White House knew there were no WMD: CIA
By AAP
04/21/06 "NineMSN"
-- -- The CIA had evidence Iraq possessed no weapons
of mass destruction six months before the 2003 US-led invasion
but was ignored by a White House intent on ousting Saddam
Hussein, a former senior CIA official said, according to CBS.
Tyler Drumheller, who headed CIA covert operations in Europe
during the run-up to the Iraq war, said intelligence opposing
administration claims of a WMD threat came from a top Iraqi
official who provided the US spy agency with other credible
information.
The source "told us that there were no active weapons of mass
destruction programs," Drumheller said in a CBS interview to be
aired on Sunday on the US network's 60 Minutes.
"The (White House) group that was dealing with preparation for
the Iraq war came back and said they were no longer interested,"

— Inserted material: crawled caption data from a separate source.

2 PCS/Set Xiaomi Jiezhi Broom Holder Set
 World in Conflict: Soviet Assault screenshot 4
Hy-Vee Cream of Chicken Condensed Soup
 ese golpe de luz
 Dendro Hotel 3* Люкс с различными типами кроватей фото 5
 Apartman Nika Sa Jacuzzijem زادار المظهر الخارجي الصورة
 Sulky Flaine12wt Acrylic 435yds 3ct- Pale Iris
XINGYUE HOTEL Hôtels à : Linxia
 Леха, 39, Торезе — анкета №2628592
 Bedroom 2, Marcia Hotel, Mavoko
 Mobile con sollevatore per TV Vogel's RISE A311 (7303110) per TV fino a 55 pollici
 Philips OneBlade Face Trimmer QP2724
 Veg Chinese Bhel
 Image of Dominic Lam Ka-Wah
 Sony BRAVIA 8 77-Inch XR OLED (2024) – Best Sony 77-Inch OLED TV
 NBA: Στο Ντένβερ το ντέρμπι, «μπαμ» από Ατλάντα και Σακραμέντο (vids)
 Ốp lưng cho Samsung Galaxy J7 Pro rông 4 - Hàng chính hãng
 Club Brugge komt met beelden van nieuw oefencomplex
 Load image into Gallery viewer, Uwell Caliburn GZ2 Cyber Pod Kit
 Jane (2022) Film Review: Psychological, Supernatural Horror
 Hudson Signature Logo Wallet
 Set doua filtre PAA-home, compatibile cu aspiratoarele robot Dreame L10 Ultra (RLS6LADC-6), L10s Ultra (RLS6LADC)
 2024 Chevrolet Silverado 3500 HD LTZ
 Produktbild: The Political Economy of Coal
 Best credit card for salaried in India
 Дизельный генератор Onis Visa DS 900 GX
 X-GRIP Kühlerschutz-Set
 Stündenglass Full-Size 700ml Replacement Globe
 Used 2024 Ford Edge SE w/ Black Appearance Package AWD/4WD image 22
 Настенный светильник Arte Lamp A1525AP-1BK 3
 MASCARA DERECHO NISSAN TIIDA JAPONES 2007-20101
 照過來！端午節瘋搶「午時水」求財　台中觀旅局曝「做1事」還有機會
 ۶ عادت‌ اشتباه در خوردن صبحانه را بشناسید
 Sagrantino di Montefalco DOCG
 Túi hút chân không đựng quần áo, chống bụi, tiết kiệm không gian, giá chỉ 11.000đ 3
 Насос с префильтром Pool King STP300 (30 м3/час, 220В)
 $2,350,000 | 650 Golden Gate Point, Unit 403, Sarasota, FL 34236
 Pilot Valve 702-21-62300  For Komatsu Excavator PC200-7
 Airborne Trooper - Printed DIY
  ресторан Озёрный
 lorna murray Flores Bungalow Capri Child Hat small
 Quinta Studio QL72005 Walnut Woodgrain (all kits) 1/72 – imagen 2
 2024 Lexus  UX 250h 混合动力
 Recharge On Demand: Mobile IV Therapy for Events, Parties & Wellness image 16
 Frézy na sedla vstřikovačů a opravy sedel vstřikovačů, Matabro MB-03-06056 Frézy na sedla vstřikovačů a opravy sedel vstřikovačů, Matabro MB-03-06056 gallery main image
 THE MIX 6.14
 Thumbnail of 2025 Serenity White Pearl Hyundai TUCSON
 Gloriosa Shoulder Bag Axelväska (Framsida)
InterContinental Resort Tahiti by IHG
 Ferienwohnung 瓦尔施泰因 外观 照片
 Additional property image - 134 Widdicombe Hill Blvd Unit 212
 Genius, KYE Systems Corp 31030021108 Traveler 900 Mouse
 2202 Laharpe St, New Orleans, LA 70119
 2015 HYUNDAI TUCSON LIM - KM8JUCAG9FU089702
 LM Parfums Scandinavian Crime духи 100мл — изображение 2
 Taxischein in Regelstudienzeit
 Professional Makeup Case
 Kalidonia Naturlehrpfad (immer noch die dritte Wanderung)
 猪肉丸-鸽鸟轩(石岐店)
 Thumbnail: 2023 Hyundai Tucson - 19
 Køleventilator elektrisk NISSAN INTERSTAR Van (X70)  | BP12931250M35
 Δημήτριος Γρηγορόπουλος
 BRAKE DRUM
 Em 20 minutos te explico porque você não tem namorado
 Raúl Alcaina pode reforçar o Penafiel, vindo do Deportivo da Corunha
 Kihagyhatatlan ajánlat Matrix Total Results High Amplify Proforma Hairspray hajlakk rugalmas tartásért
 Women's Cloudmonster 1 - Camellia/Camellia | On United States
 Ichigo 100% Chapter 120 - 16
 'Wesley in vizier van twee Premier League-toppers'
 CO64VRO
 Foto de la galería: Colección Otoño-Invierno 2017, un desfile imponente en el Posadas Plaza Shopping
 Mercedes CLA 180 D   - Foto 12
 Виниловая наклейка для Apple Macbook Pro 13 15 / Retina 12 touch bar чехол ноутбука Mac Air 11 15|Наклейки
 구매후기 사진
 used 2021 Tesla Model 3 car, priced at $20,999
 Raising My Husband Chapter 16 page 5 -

he was quoted as saying in interview excerpts released by CBS on
Friday.
"We said: 'Well, what about the intel?' And they said: 'Well,
this isn't about intel anymore. This is about regime change',"
added Drumheller, whose CIA operation was assigned the task of
debriefing the Iraqi official.
He was the latest former US official to accuse the White House
of setting an early course toward war in Iraq and ignoring
intelligence that conflicted with its aim.
CBS said the CIA's intelligence source was former Iraqi Foreign
Minister Naji Sabri and that former CIA Director George Tenet
delivered the information personally to US President George W
Bush, Vice President Dick Cheney and other top White House
officials in September 2002. They rebuffed the CIA three days
later.
"The policy was set. The war in Iraq was coming and they were
looking for intelligence to fit into the policy," the former CIA
agent told CBS.
US allegations that Saddam had WMD and posed a threat to
international security was a main justification for the March
2003 invasion.
A 2002 National Intelligence Estimate, to which the CIA was a
major contributor, concluded that prewar Iraq had an active
nuclear program and a huge stockpile of unconventional weapons.
No such weapons have been found, however, and US assertions that
they existed are now regarded as a hugely damaging intelligence
failure.
But Drumheller, co-author of a forthcoming book entitled On the
Brink: How the White House Has Compromised American
Intelligence, rejects the notion of an intelligence failure.